What si_shufb(a, b, c) does is it takes a/b registers, and permutes their contents using c as pattern, yielding a new value. Permutation is done at a byte level - each byte of c corresponds to a resulting byte, which is computed one of the following ways:

1.0x0v corresponds to a byte of left operand with index v
2.0x1v corresponds to a byte of right operand with index v
3.0x80 corresponds to a constant 0x00
4.0xC0 corresponds to a constant 0xFF
5.0xE0 corresponds to a constant 0x80
6.other values result in one of the above, the exact treatment is out of the scope

This is a superset of Altivec vec_perm instruction, and can be used to do very powerful things, as we'll realize soon enough. For example, you can implement usual GPU-style swizzling like so:

src_zxxx = si_shufb(src, src, ((qword)(vec_uint4){0x08090a0b, 0x00010203, 0x00010203, 0x00010203}));

First four bytes of my pattern correspond to bytes 8-11 of left argument, all other four-byte groups correspond to bytes 0-3 of left argument. This is equal to applying .zxxx swizzle. As you can probably see, the code can get very obscure if you use shuffles a lot, so I've made some helper macros:

// shuffle helpers
#define L0 0x00010203
#define L1 0x04050607
#define L2 0x08090a0b
#define L3 0x0c0d0e0f

#define R0 0x10111213
#define R1 0x14151617
#define R2 0x18191a1b
#define R3 0x1c1d1e1f

#define SHUFFLE(l, r, x, y, z, w) si_shufb(l, r, ((qword)(vec_uint4){x, y, z, w}))

// splat helper
#define SPLAT(v, idx) si_shufb(v, v, (qword)(vec_uint4)(L ## idx))
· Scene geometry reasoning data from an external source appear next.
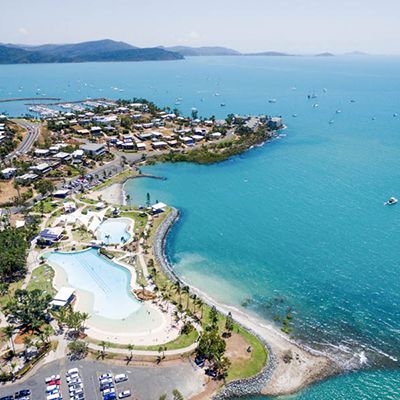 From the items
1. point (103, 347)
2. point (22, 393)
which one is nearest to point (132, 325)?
point (103, 347)

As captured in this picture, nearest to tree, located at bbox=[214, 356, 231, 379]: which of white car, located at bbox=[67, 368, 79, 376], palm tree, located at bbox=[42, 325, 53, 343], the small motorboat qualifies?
white car, located at bbox=[67, 368, 79, 376]

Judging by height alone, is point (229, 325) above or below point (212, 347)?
below

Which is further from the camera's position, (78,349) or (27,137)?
(27,137)

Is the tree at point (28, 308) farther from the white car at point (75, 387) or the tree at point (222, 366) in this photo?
the tree at point (222, 366)

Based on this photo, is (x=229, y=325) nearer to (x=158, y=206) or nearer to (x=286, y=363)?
(x=286, y=363)

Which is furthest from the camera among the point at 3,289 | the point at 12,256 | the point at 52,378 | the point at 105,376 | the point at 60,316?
the point at 12,256

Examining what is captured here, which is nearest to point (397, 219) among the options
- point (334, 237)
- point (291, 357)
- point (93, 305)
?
point (334, 237) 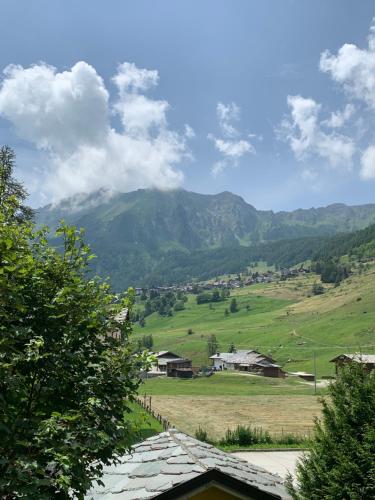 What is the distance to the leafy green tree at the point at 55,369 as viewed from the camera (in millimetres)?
6105

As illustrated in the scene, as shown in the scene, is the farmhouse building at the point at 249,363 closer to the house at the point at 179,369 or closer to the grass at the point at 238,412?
the house at the point at 179,369

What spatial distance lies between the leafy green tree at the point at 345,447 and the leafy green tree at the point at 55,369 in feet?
18.3

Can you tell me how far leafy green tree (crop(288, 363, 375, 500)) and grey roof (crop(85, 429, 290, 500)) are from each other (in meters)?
1.14

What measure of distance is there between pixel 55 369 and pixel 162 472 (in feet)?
9.30

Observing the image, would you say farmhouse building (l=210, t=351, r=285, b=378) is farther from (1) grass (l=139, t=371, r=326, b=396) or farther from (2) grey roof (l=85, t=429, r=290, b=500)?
(2) grey roof (l=85, t=429, r=290, b=500)

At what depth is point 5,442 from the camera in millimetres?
6027

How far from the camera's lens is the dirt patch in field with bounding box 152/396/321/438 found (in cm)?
5434

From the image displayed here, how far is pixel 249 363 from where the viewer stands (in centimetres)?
14925

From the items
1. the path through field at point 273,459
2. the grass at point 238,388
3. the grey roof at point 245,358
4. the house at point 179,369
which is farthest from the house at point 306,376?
the path through field at point 273,459

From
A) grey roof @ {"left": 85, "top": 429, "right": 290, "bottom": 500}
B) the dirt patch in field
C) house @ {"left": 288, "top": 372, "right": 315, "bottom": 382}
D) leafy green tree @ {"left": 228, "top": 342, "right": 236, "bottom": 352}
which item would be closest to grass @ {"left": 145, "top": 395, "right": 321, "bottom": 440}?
the dirt patch in field

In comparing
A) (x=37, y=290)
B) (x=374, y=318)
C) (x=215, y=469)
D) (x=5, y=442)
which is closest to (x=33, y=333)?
(x=37, y=290)

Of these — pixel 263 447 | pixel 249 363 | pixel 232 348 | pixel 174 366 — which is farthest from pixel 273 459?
pixel 232 348

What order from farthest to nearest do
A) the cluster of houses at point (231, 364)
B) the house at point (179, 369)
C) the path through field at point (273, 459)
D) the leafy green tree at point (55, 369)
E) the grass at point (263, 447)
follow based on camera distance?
the house at point (179, 369), the cluster of houses at point (231, 364), the grass at point (263, 447), the path through field at point (273, 459), the leafy green tree at point (55, 369)

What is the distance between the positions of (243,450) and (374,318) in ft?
444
SHUFFLE is for general shuffling, SPLAT is for component replication (.yyyy-like swizzles). Note that in previous post SPLAT was used in transform_point to generate .xxxx, .yyyy and .zzzz swizzles from AABB point.

Let's generate AABB points then.

    // get aabb points (SoA)
    qword minmax_x = SHUFFLE(min, max, L0, R0, L0, R0); // x X x X
    qword minmax_y = SHUFFLE(min, max, L1, L1, R1, R1); // y y Y Y
    qword minmax_z_0 = SPLAT(min, 2); // z z z z
    qword minmax_z_1 = SPLAT(max, 2); // Z Z Z Z

That was easy. Now if we want first 4 points, we use minmax_x, minmax_y, minmax_z_0; for the second group, we use minmax_x, minmax_y, minmax_z_1.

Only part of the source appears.